**DATA EXCERPT**
Content starts

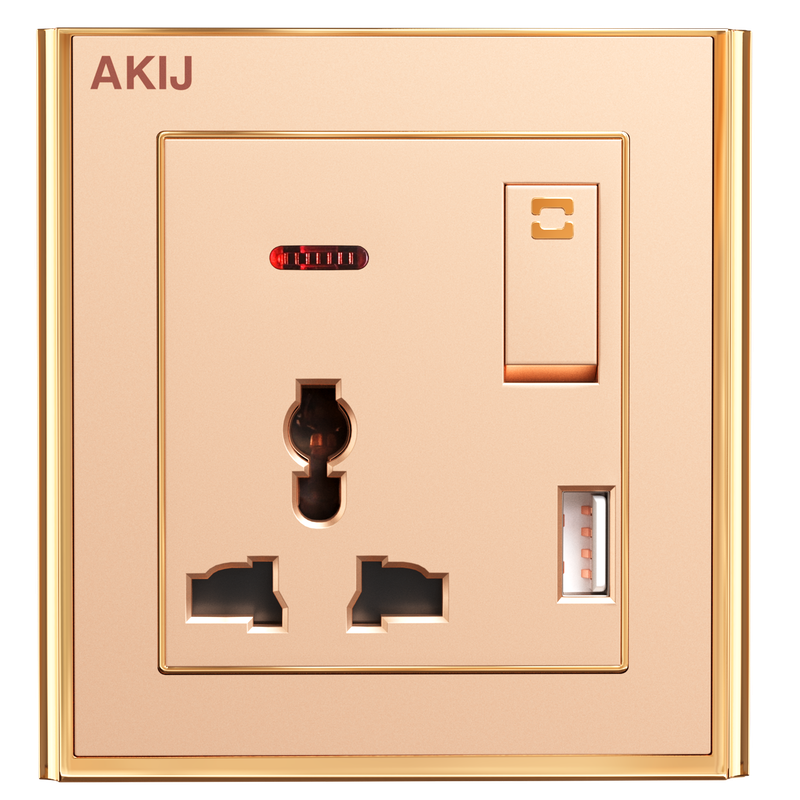 Akij Innova 3 Pin Universal Socket With USB 13A - FGI3PUS0057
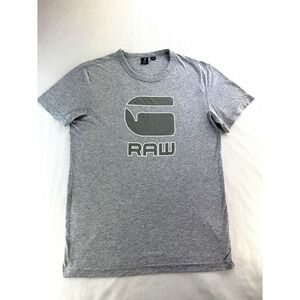 G‎ Star Raw Men's Cadulor Gray Logo Short Sleeve T Shirt Size Medium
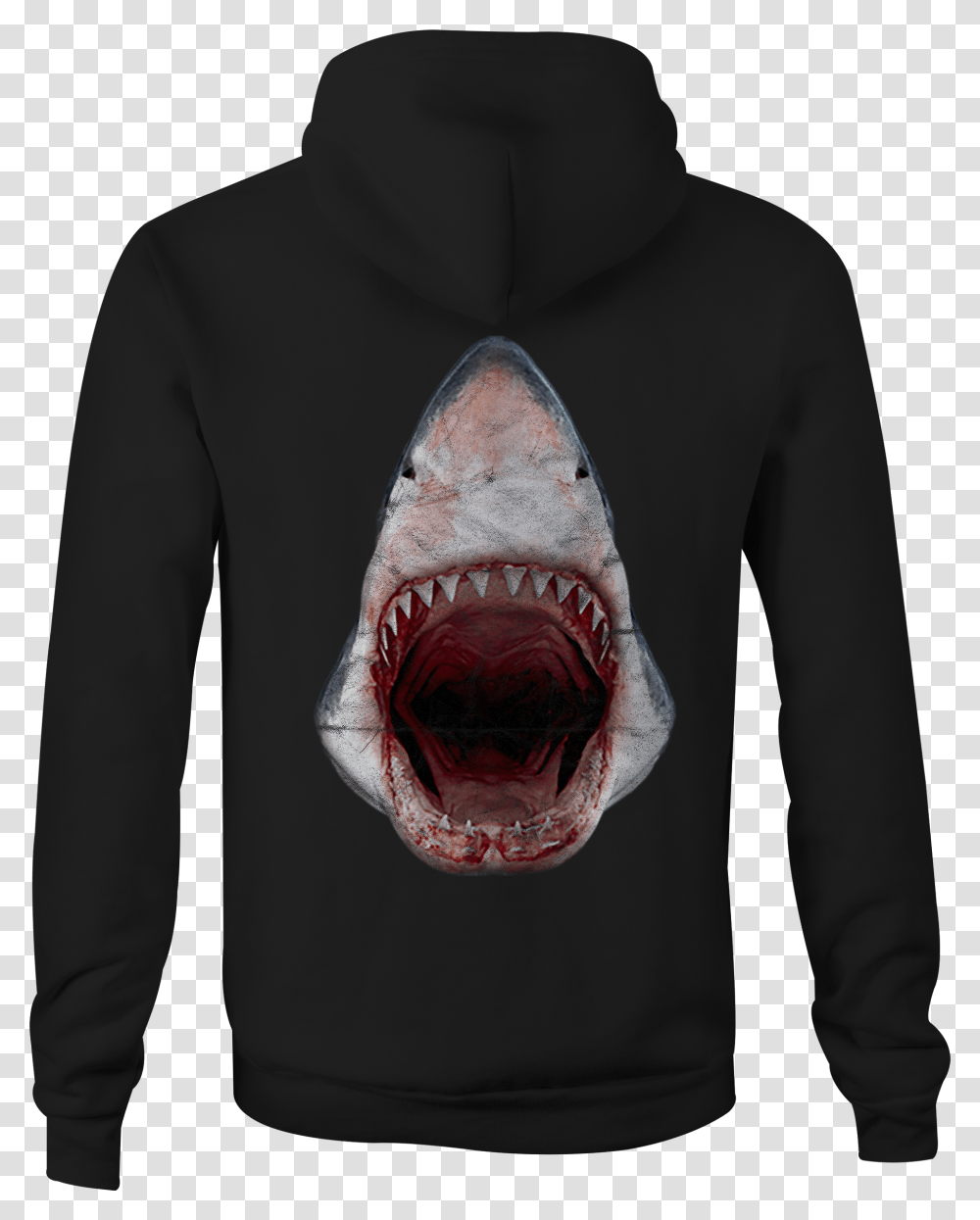 Zip Up Hoodie Great White Jaws Shark Hooded Sweatshirt Great White Shark, Apparel, Sleeve, Long Sleeve Transparent Png
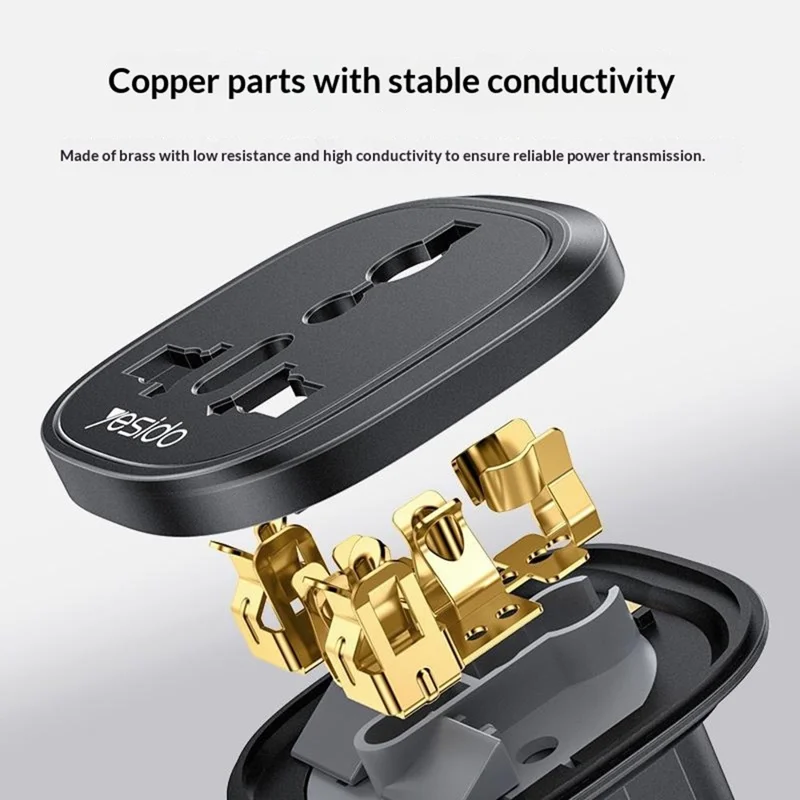 YESIDO MC44 EU Plug to Universal Socket Global Travel Adapter 100V-250V 10A Multi-Country Converter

Content ends

**PROBLEM TO WORK ON**
Return the material as it stands. Leave out the pictures.

**COMPLETED TASK**
 Akij Innova 3 Pin Universal Socket With USB 13A - FGI3PUS0057
 G‎ Star Raw Men's Cadulor Gray Logo Short Sleeve T Shirt Size Medium
 Zip Up Hoodie Great White Jaws Shark Hooded Sweatshirt Great White Shark, Apparel, Sleeve, Long Sleeve Transparent Png
 YESIDO MC44 EU Plug to Universal Socket Global Travel Adapter 100V-250V 10A Multi-Country Converter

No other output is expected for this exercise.